The role also gave her a unique insight into the struggles faced by many wanting to return to the workplace or education. Green was appointed to the then-National Employment Panel, which brought together industry leaders, FE providers and advocacy groups like hers to advise government ministers on labour market and skills policy. It led her to think hard about the advantages of devolution, which she says allows local policymakers “to link your social policies, your industrial and economic policies, and your skills and education policies together”. For instance, she calls the £300 million underspend of apprenticeship levy fund “absolutely ridiculous” and suggests again that greater devolution could allow for a more planned approach to training and skills strategy, “to build closer, purposively designed relationships between local employers and local colleges”.

The same advocacy drive Green had for single parents is also evident in her support for Roma, gypsy and traveller children (she chaired the all-party parliamentary group). She recalls being elected when Eric Pickles was secretary of state for communities. “He was announcing a cut in funding for traveller sites, and at the same time wanted to tighten up planning laws.
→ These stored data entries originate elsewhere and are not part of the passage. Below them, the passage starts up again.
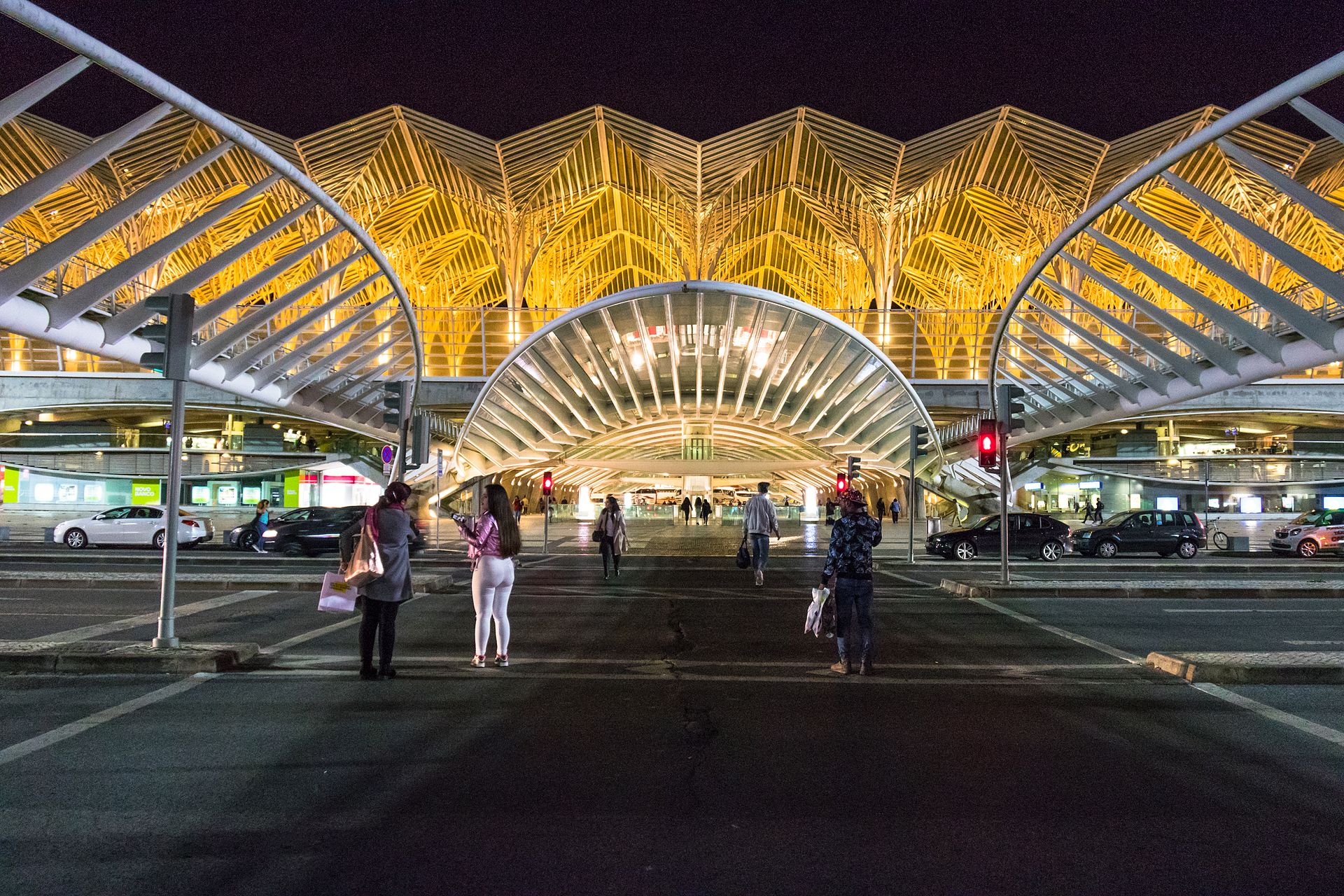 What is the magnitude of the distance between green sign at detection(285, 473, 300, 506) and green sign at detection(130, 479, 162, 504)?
6.51m

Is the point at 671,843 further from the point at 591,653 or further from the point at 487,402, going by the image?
the point at 487,402

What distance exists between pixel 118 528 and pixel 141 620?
65.6 feet

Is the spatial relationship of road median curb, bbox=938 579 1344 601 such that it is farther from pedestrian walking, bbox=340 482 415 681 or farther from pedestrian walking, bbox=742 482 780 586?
pedestrian walking, bbox=340 482 415 681

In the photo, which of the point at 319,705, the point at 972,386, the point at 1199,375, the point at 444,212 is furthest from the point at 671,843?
the point at 444,212

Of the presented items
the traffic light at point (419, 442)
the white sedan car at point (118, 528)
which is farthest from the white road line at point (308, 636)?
the white sedan car at point (118, 528)

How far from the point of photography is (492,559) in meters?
8.29

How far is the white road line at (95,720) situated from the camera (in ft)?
18.5

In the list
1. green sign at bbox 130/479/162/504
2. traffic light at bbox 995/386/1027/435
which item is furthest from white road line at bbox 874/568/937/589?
green sign at bbox 130/479/162/504

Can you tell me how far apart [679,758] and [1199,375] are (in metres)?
17.7

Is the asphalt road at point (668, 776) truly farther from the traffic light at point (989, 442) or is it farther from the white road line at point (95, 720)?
the traffic light at point (989, 442)

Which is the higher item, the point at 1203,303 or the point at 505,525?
the point at 1203,303

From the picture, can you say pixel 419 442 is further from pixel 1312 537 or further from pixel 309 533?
pixel 1312 537

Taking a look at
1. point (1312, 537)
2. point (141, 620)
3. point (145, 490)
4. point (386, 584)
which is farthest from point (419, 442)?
point (145, 490)

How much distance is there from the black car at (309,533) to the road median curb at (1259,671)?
21.4m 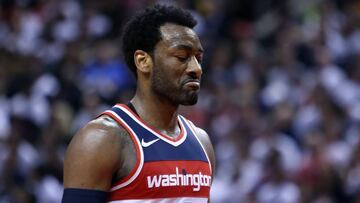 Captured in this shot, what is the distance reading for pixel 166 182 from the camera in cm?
438

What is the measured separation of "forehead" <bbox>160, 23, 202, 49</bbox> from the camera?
14.9 feet

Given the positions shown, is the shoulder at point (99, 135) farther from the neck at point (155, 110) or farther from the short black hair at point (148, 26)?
the short black hair at point (148, 26)

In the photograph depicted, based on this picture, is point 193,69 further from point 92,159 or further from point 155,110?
point 92,159

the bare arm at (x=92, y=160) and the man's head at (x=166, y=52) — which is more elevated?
the man's head at (x=166, y=52)

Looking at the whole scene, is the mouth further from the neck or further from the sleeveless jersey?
the sleeveless jersey

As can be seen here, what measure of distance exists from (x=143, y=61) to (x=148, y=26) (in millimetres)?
183

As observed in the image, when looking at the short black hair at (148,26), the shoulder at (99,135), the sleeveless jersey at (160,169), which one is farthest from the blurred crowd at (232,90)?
the shoulder at (99,135)

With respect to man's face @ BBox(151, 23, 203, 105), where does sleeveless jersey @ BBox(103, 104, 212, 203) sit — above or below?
below

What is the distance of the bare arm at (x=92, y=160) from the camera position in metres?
4.23

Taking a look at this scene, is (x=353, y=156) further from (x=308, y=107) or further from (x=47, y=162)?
(x=47, y=162)

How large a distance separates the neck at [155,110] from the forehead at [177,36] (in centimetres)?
30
And I thought that was stupid policy, and I don’t like stupid policy, so I got annoyed.” She started “asking questions” and has been trying to tackle prejudice against the community since.
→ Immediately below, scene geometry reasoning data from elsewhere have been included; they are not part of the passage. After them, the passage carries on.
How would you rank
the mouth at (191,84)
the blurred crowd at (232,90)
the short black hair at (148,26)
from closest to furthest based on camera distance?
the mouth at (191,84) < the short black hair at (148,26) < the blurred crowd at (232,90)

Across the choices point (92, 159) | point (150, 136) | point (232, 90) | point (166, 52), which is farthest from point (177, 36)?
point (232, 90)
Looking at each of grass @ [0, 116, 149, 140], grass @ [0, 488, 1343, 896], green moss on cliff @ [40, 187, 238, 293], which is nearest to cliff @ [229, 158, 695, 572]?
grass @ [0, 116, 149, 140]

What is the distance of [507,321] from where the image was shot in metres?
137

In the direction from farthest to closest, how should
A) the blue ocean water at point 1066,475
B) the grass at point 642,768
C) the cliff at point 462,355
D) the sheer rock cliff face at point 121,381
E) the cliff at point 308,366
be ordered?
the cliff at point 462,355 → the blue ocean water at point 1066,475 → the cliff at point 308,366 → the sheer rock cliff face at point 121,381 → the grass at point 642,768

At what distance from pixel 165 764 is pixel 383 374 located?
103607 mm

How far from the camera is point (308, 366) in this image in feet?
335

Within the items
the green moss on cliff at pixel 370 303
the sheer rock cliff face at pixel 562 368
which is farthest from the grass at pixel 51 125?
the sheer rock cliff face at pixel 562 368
Green at the Houses of Parliament

The most telling line here is “I don’t like stupid policy”. Green largely speaks with confidence about FE policies, which is likely to be, at least in part, because she’s well briefed. One of her closest advisers is Nick Wright, who was by Gordon Marsden’s side throughout his time as shadow FE minister. 

It’s also why when I press Green for details of her policy plans on contentious issues, such as scrapping Ofsted, she takes a cautious and pragmatic tone, saying these will be “reviewed”. Labour needs someone who can present policy-tight answers to big visions lacking clear plans, such as its proposed “National Education Service”. But as a geek officially annoyed by stupid policy, she won’t be drawn before she’s done the research. “I’m in listening mode.” She does share, however, that a big interest of hers is “inclusion” and reducing inequitable outcomes for disadvantaged learners. 

In a sense, Green is a shadow education secretary who is most naturally at home with being an advocate for the vulnerable. Her challenge now will be to combine that with detailed policy plans that have perhaps been lacking in recent years.